Почему так, зачем? В Кейтилин синтезировала бесконечная покорность и гордая нетерпеливость. Она всегда слушалась отца, даже спорить с ним не смела, но вместе с тем так не привыкла, чтоб ей перечили. Она, старшая, имела власть над Эдмаром и Лизой, отец не чаял души в Кейтилин, Петир и вовсе был в ее руках, а сейчас она впервые столкнулась с тем, что ее «хочу» и «могу» идет вразрез с «хочу» и «могу» человека другого. И этот человек – ее законный супруг перед миром, перед народом, перед Богами Старыми и Новыми, а еще на стороне этого человека – право и сила, как раз то, чего у нее не было. Кейтилин было страшно, одиноко и тревожно, будто бы она была не хозяйкой Винтерфелла, а его пленницей. Она помнила, до сих пор чувствовала тяжелые руки мужа, которыми он сковал ее, и его участившееся дыхание, его взгляд и его голос – сейчас он отступил, не стал доказывать силой, что все будет так, как захочет он, а, что, если в нем потом зверь пересилит человека? Кейтилин не знала Эддарда, она даже не до конца понимала, что сейчас произошло, только чувствовала, что это совсем не так, как должно было быть.

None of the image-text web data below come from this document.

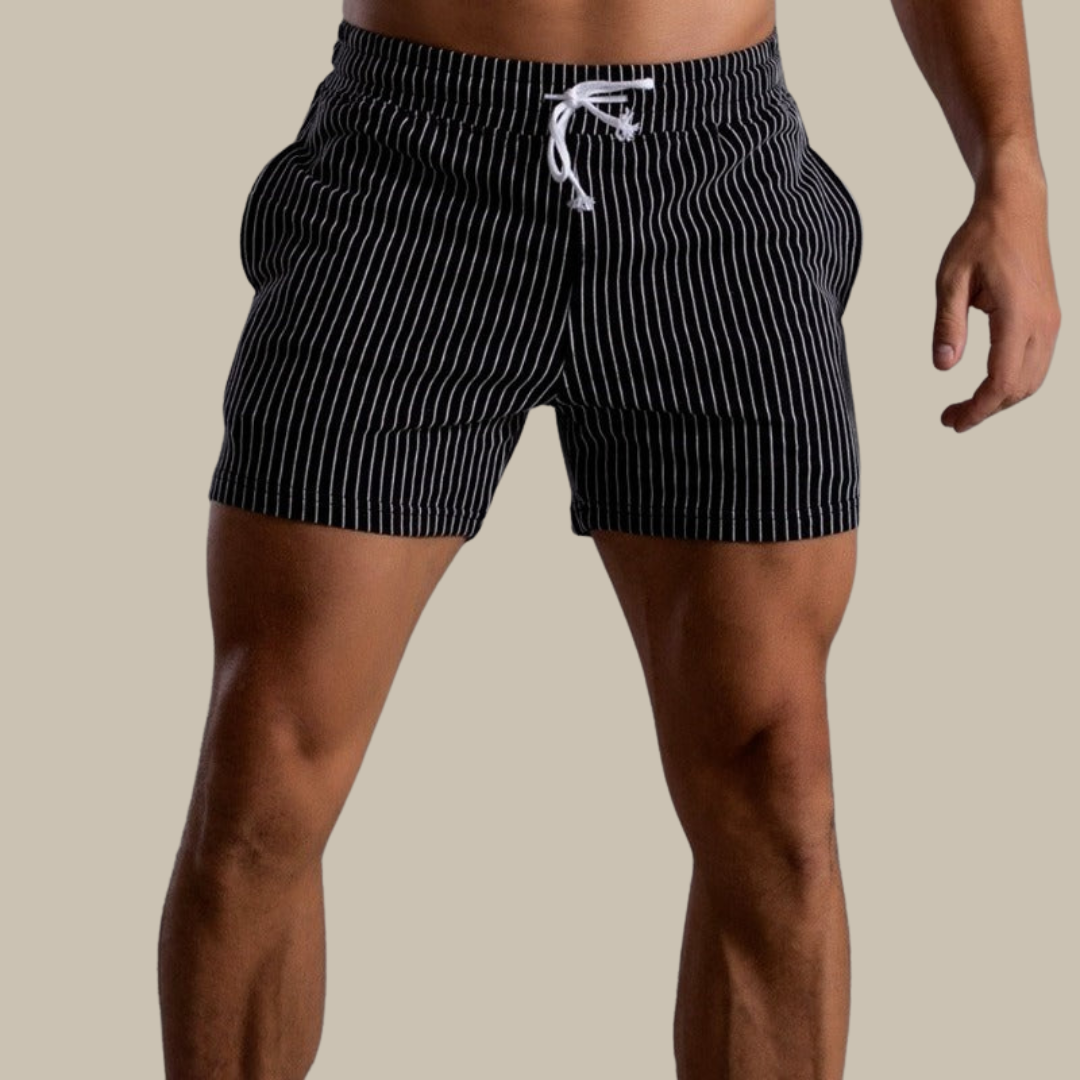 STRIPED SHORTS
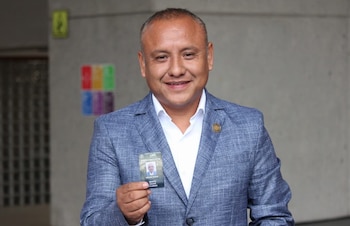 En 2024, en Veracruz, asesinaron al diputado federal por el PVEM, Benito Aguas.
Crédito: X/ @Juan_OrtizMX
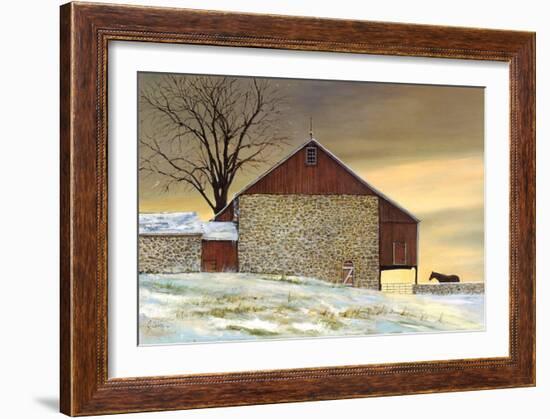 Mares Morning-Jerry Cable-Framed Art Print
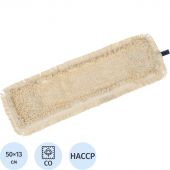 Насадка МОП Luscan 50х13см 100% хлопок карман-ухо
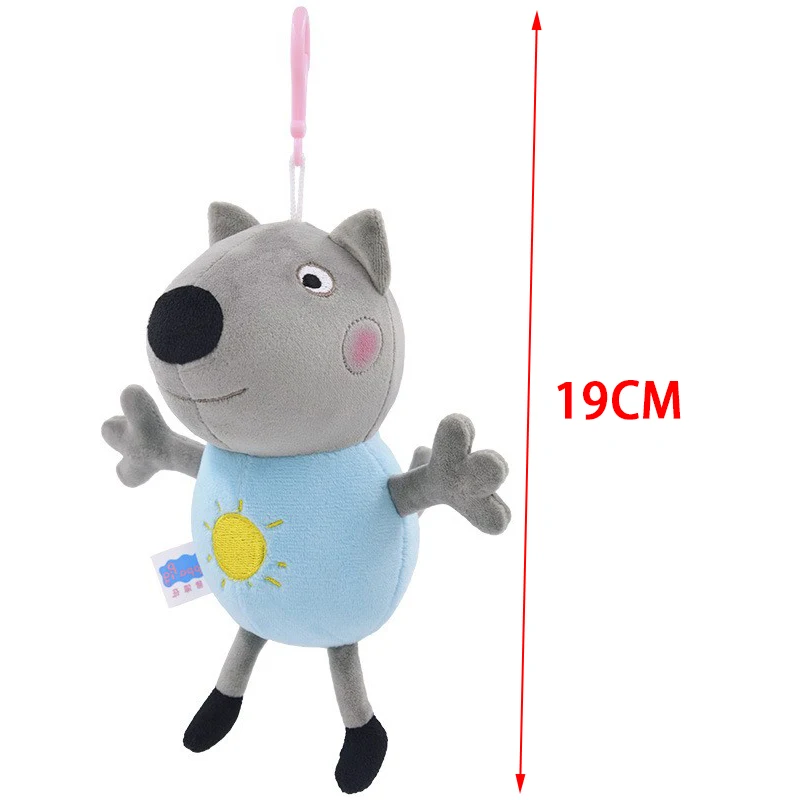Peppa Pig Knuffel Zachte Knuffels Vriend George Rugzak Hanger Sleutelhanger Teddybeer Dinosaurus Pop Kids Kerstcadeau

Как уставшая путница, заблудившаяся в диком каменном лесу из лестниц, комнат, коридоров чужого замка, Кейтилин обессилено легла на кровать, и холодная тишина укрыла ее своим тяжелым одеялом. Где-то рядом тихо сопел маленький Робб, но даже его ровное дыхание казалось едва ли не зловещим в этом мраке, и доселе никогда не боявшаяся темноты Кейтилин почувствовала, как тревога связывает ее по рукам и ногам.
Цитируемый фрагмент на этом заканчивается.